Below is an outline for how to install RoseTTAFold All-Atom locally (i.e., into a home directory or group directory). We can make no guarantees as to runtime correctness (or even that it will run at all), but these instructions are confirmed to result in a “complete” installation of RoseTTAFold All-Atom. Any errors related to post-installation configuration may need to be raised with the developers, but users are welcome to contact rchelp@hms.harvard.edu to initially triage any issues with the process.

This document is designed to be read and followed from top to bottom. If you skip around, troubleshooting may become difficult - we recommend users that are stuck mid-way to delete everything and start over from the very beginning of the process and see if their error persists. (The Table of Contents above is provided as a courtesy.)

Prerequisites to the prerequisites

These instructions are adapted from those provided via the RoseTTAFold All-Atom README file.

First, determine where to install RoseTTAFold All-Atom. This location will involve two main components:

  1. the conda environment

  2. a git clone of the repository.

We will use /path/to/install as a placeholder for this location. First, create (if necessary) and navigate to this directory:

mkdir -p /path/to/install

cd /path/to/install

From here, clone the repository and navigate into it:

git clone https://github.com/baker-laboratory/RoseTTAFold-All-Atom.git

cd RoseTTAFold-All-Atom

Now, make sure you have a conda distribution available, with mamba installed. We will use our miniconda3/23.1.0 module here.

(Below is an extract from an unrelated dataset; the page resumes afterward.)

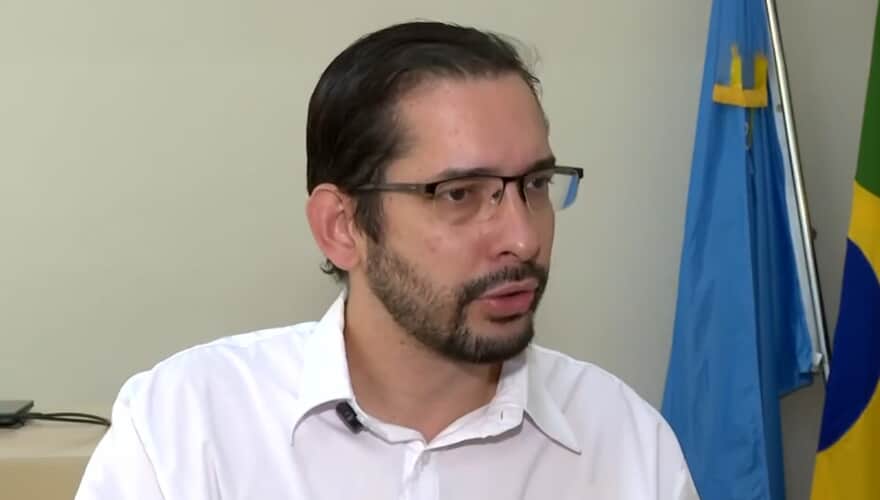  (Imagem: Reprodução/EPTV)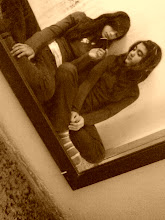 camilaaaa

module load miniconda3/23.1.0

Note that if you have additional modules loaded (such as modules that load on login), you may encounter conflicts and errors, so running module purge to unload all modules first is recommended before loading the miniconda module.

Installation of the conda environment

Currently, you should be in /path/to/install/RoseTTAFold-All-Atom.

Before creating the environment, you need to open the environment.yaml file in a text editor, such as nano, and comment out all instances of tensorflow. This includes:

tensorflow-base tensorflow-estimator tensorflow

Navigate to the lines in the file where these three packages are specified, and insert a # at the front of each line, then save and exit the text editor.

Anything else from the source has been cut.